Web page caption snippets

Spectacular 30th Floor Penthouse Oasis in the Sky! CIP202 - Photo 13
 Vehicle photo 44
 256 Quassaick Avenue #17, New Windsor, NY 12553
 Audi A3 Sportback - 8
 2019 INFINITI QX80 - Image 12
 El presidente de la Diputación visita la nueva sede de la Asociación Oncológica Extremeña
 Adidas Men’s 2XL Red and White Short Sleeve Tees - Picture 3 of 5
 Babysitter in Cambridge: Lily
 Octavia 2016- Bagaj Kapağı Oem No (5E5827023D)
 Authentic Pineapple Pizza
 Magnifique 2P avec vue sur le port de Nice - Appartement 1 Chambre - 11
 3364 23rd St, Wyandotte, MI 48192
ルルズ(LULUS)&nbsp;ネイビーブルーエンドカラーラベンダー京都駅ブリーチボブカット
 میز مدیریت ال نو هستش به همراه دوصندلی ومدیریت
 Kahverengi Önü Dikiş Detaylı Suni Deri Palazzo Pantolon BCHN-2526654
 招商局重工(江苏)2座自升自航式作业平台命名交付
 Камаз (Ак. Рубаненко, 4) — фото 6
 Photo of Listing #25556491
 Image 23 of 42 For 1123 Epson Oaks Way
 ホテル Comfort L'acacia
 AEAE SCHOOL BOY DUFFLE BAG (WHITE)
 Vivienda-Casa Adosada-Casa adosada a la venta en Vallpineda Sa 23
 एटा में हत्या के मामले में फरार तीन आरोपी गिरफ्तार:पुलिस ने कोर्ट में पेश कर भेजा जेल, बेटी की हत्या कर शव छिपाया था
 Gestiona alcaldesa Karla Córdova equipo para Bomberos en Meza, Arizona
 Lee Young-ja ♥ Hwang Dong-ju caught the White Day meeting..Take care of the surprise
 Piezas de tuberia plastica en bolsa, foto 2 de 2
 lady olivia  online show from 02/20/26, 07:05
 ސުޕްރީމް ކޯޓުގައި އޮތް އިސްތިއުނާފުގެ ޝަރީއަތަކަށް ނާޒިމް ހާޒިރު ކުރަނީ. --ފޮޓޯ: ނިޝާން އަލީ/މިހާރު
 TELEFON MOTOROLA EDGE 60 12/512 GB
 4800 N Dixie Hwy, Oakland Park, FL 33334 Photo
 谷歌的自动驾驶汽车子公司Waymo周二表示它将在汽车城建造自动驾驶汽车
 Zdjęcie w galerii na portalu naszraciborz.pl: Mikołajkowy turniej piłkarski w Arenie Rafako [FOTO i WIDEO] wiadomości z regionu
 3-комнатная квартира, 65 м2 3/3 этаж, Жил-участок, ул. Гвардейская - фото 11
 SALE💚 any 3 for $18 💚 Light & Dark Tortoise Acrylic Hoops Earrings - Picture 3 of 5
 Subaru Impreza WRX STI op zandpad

Exercise: Exactly as they stand, set down the lines from the top of the data through the line with "TELEFON MOTOROLA EDGE 60 12/512 GB".

Expected output:
Spectacular 30th Floor Penthouse Oasis in the Sky! CIP202 - Photo 13
 Vehicle photo 44
 256 Quassaick Avenue #17, New Windsor, NY 12553
 Audi A3 Sportback - 8
 2019 INFINITI QX80 - Image 12
 El presidente de la Diputación visita la nueva sede de la Asociación Oncológica Extremeña
 Adidas Men’s 2XL Red and White Short Sleeve Tees - Picture 3 of 5
 Babysitter in Cambridge: Lily
 Octavia 2016- Bagaj Kapağı Oem No (5E5827023D)
 Authentic Pineapple Pizza
 Magnifique 2P avec vue sur le port de Nice - Appartement 1 Chambre - 11
 3364 23rd St, Wyandotte, MI 48192
ルルズ(LULUS)&nbsp;ネイビーブルーエンドカラーラベンダー京都駅ブリーチボブカット
 میز مدیریت ال نو هستش به همراه دوصندلی ومدیریت
 Kahverengi Önü Dikiş Detaylı Suni Deri Palazzo Pantolon BCHN-2526654
 招商局重工(江苏)2座自升自航式作业平台命名交付
 Камаз (Ак. Рубаненко, 4) — фото 6
 Photo of Listing #25556491
 Image 23 of 42 For 1123 Epson Oaks Way
 ホテル Comfort L'acacia
 AEAE SCHOOL BOY DUFFLE BAG (WHITE)
 Vivienda-Casa Adosada-Casa adosada a la venta en Vallpineda Sa 23
 एटा में हत्या के मामले में फरार तीन आरोपी गिरफ्तार:पुलिस ने कोर्ट में पेश कर भेजा जेल, बेटी की हत्या कर शव छिपाया था
 Gestiona alcaldesa Karla Córdova equipo para Bomberos en Meza, Arizona
 Lee Young-ja ♥ Hwang Dong-ju caught the White Day meeting..Take care of the surprise
 Piezas de tuberia plastica en bolsa, foto 2 de 2
 lady olivia  online show from 02/20/26, 07:05
 ސުޕްރީމް ކޯޓުގައި އޮތް އިސްތިއުނާފުގެ ޝަރީއަތަކަށް ނާޒިމް ހާޒިރު ކުރަނީ. --ފޮޓޯ: ނިޝާން އަލީ/މިހާރު
 TELEFON MOTOROLA EDGE 60 12/512 GB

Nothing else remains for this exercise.